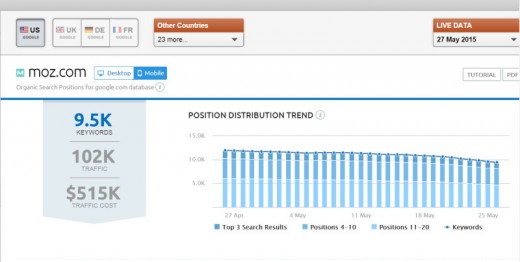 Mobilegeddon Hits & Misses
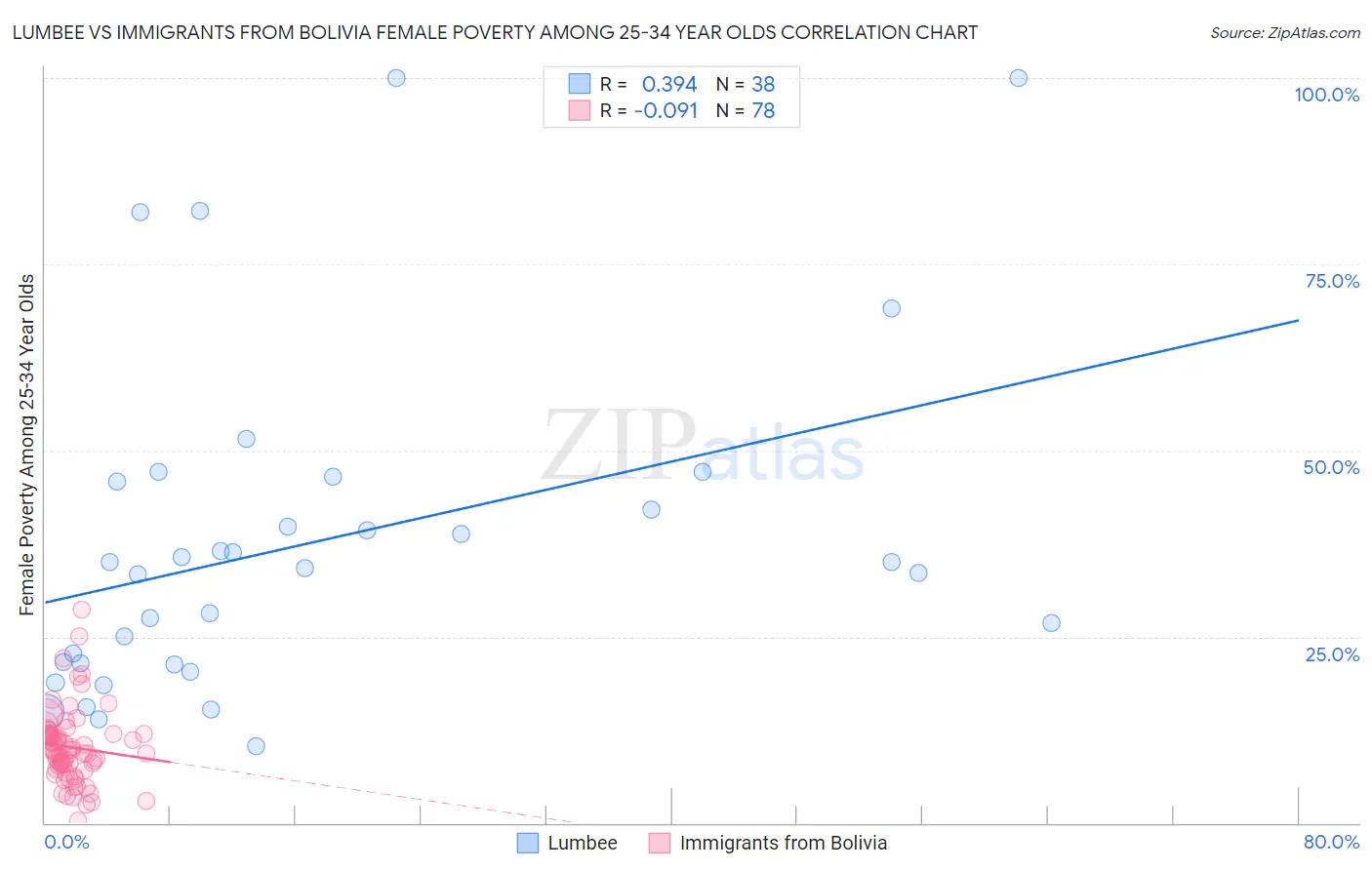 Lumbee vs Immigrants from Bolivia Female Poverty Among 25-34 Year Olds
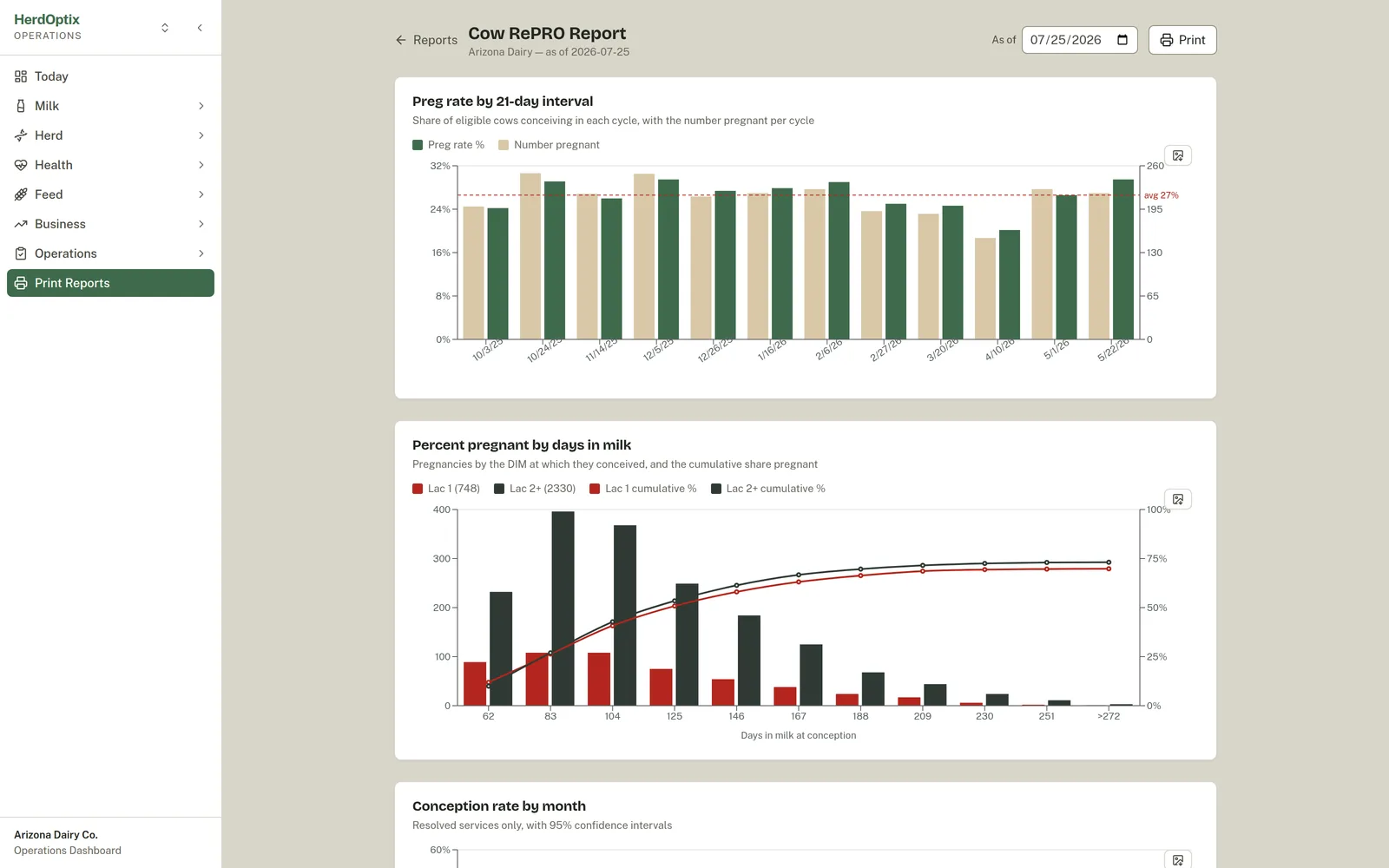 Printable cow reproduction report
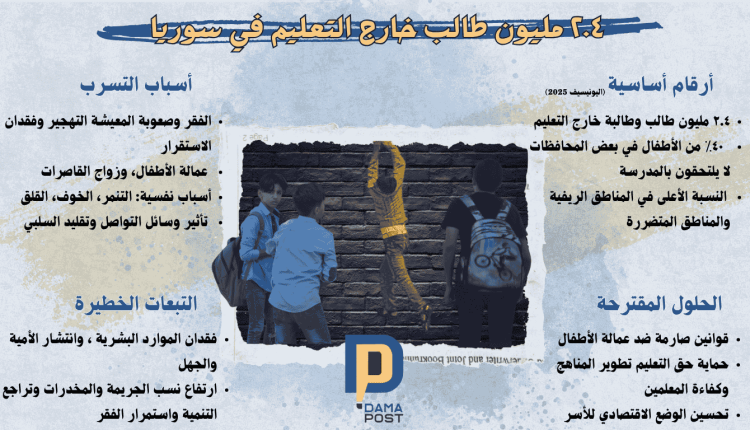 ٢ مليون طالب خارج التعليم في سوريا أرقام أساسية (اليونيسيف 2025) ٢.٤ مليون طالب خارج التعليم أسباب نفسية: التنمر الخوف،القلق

========================

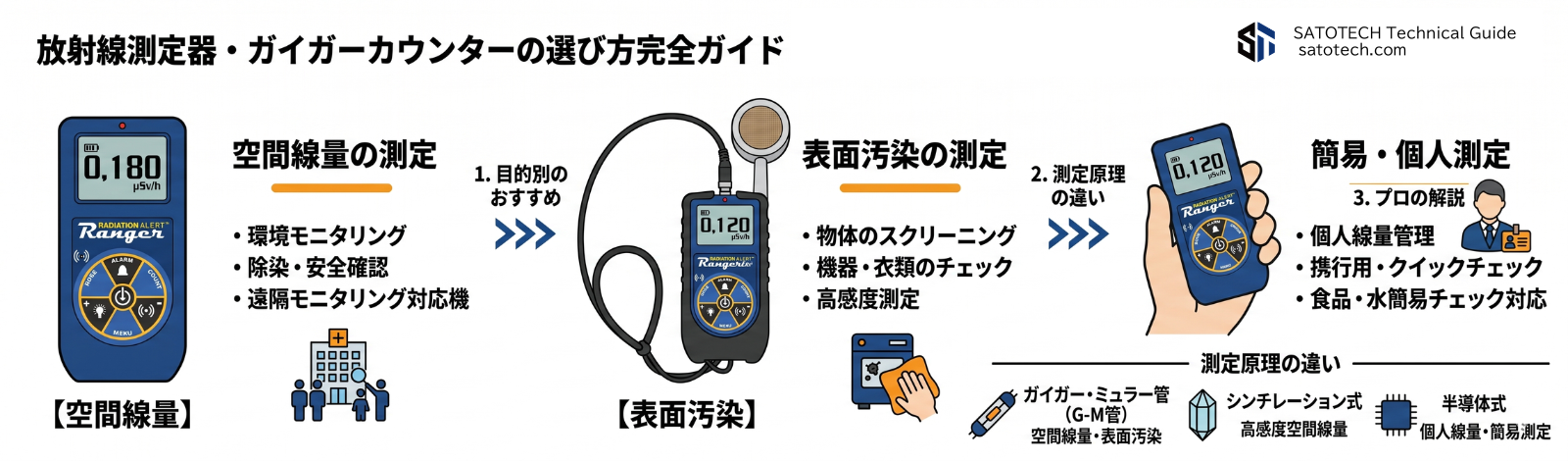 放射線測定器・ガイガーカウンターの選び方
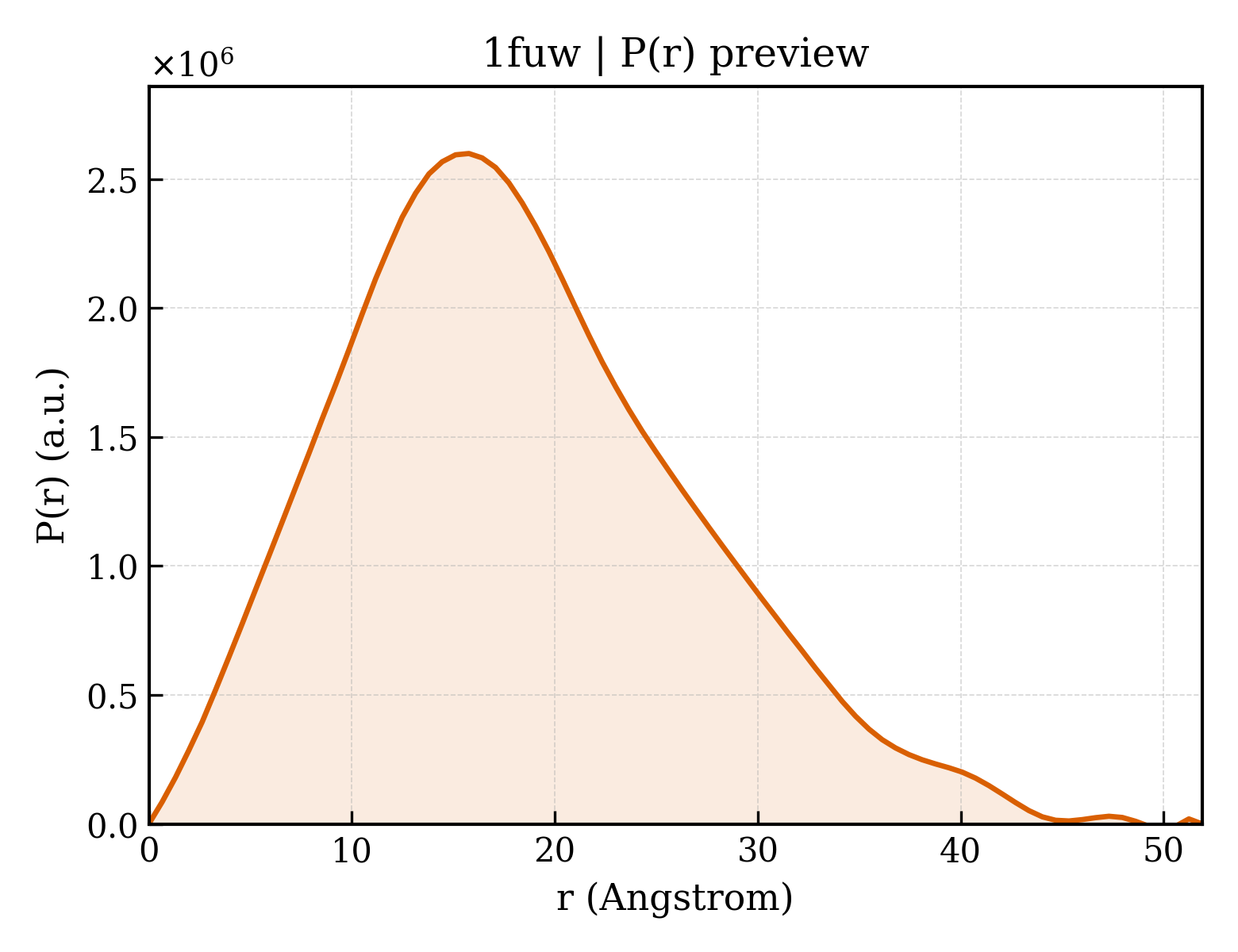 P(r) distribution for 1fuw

========================

#### [Problem requirements]
Return only the stretch above from the line containing "放射線測定器・ガイガーカウンターの選び方" through the line containing "P(r) distribution for 1fuw", word for word and without pictures.

#### [Response to the exercise]
 放射線測定器・ガイガーカウンターの選び方
 P(r) distribution for 1fuw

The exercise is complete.